Each line "MARKER" entry adds one line-comment prefix. The marker matches at the start of a line (after any indent) and at any point on a line; everything from the marker to the end of the line is discarded by the lexer.

This declaration only affects user scripts. The library manifest itself, and inner-DSL run:/command bodies, always use # for comments — that's Capy's own config syntax.

Why opt-in: a library targeting a host language that uses # as a meaningful character (e.g. CSS selectors, Markdown headings, Mermaid flowcharts) might want to forbid # comments to avoid ambiguity. The grammar belongs to the library, end-to-end.

Functions

Each function NAME … end block defines one DSL statement shape. NAME is the function's reference name (used for the auto-name-prepend rule and to name a block's closer); it's not necessarily what appears in source.

The function body is a sequence of inner-DSL statements. Two common forms:

  • **write \...`** appends to the output body. Backtick literals can span multiple lines and accept${EXPR}` interpolation.
  • set / append / prepend / merge / delete mutate the accumulated context.
function greet
    arg capture name Email             # built-in OR library-declared type
    write `Hello, ${name}!
`
    append context.greetings name
    priority 0                         # higher wins; default 0
end

The body is the only place statements go. Renders (write) and state mutations (set / append / …) interleave freely; the engine walks the AST twice per function call — once to produce output, once to update context.

arg — the match shape

Each arg line takes one of two forms:

Form Meaning
arg literal "TEXT" A literal token to match exactly in source.
arg capture NAME TYPE Bind a captured value of type TYPE to NAME.
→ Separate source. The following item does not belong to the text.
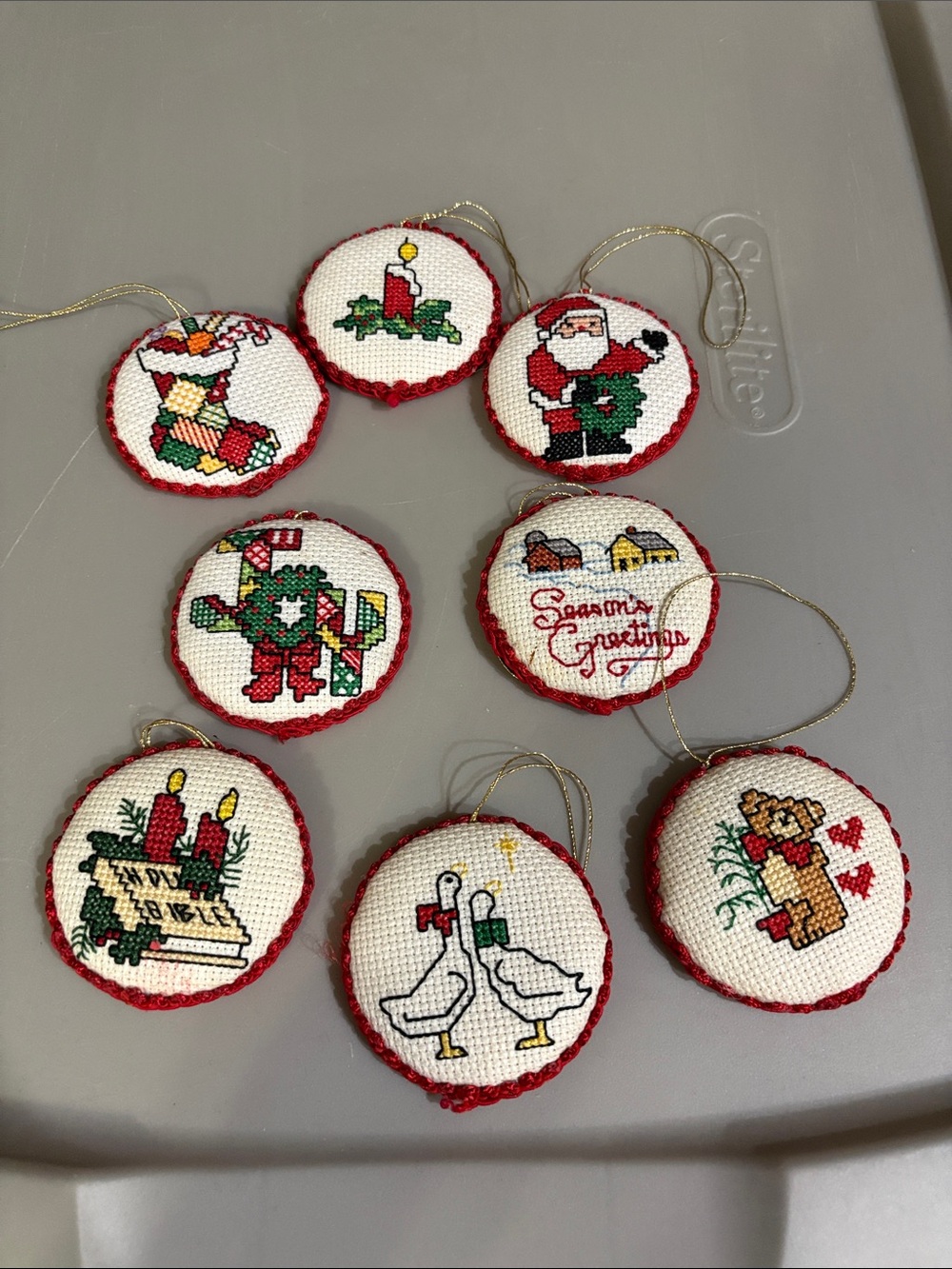 Vintage cross stitch ornaments, set of 8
Both forms accept an optional trailing description string for auto-generated docs:

arg literal "recipe" "Open a new recipe."
arg capture title string "Display name, shown as the H1."
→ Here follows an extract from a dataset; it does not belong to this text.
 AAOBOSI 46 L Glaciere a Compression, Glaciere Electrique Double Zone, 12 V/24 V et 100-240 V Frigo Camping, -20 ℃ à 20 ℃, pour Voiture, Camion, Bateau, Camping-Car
Optional args with defaults

A trailing capture can declare a default, making it omittable at the call site. The full arg capture shape is:

arg capture NAME [TYPE] [default "VALUE"] [DESCRIPTION]

When the call site ends before reaching the optional arg, the engine binds the default instead of consuming a token. This collapses families of near-duplicate components into one function:

function button
    arg literal "button"
    arg capture label   string
    arg capture variant string default "primary"
    arg capture kind    string default "button"
    template
        <button type="${decoded kind}" class="btn btn-${decoded variant}">${escapeHtml (decoded label)}</button>
    end
end
button "Save"                       → btn-primary, type=button
button "Delete" "danger"            → btn-danger,  type=button
button "Submit" "primary" "submit"  → btn-primary, type=submit

Optional args must be trailing — a required capture (or a literal) after an optional one is a load-time error, since the matcher couldn't tell which slot a supplied value fills. A string default is delivered in the same quoted form a real string capture carries, so ${x} and ${decoded x} behave identically whether the arg was supplied or defaulted.

Auto-name-prepend

If a function declares zero arg literal lines, the engine prepends a literal of the function's name. So:

function greet
    arg capture name any
    write `Hello, ${name}!
`
end

…matches greet <any> — the function name becomes the leading token.

As soon as you add any arg literal, you own the entire shape. This is how you build operator-style functions:

function assign
    arg capture var ident
    arg literal "="
    arg capture value any
    write `${var} = ${value}
`
end

…matches <ident> = <any>. No leading assign token in source.

bare — opt out of auto-name-prepend

If you want a function whose args are all captures AND you DON'T want a leading keyword, declare it bare. The function then matches purely by shape — useful for grammars whose data lines have no syntactic anchor:

function row
    bare
    arg capture a string
    arg capture b string
    arg capture c string
    write `<button>${unquote a}</button><button>${unquote b}</button><button>${unquote c}</button>
`
end

Source: "1" "2" "3" parses as one call to row with three captures — no row keyword needed.

Use sparingly: a function declared bare will try to match every statement that starts with a capture-compatible token, so prioritise specific shapes ahead of it if there's ambiguity.

Built-in types

any, ident, raw, string, int, float, bool.

Type What it captures
any Any single value expression (number, string, ident, list, object, bool, null, dotted ident, parenthesized sub-call).
ident A single identifier token; bound as a string.
raw One identifier OR string token; bound as a string.
tail Every remaining token on the statement, reconstructed with original column-position spacing. Use for free-form trailing values (e.g. CSS 20px, 1px solid red) that don't fit any's single-value-expression grammar.
string A quoted string literal — OR a bare identifier (transpile-mode permissive).
int/float/bool The respective literal — OR a bare identifier.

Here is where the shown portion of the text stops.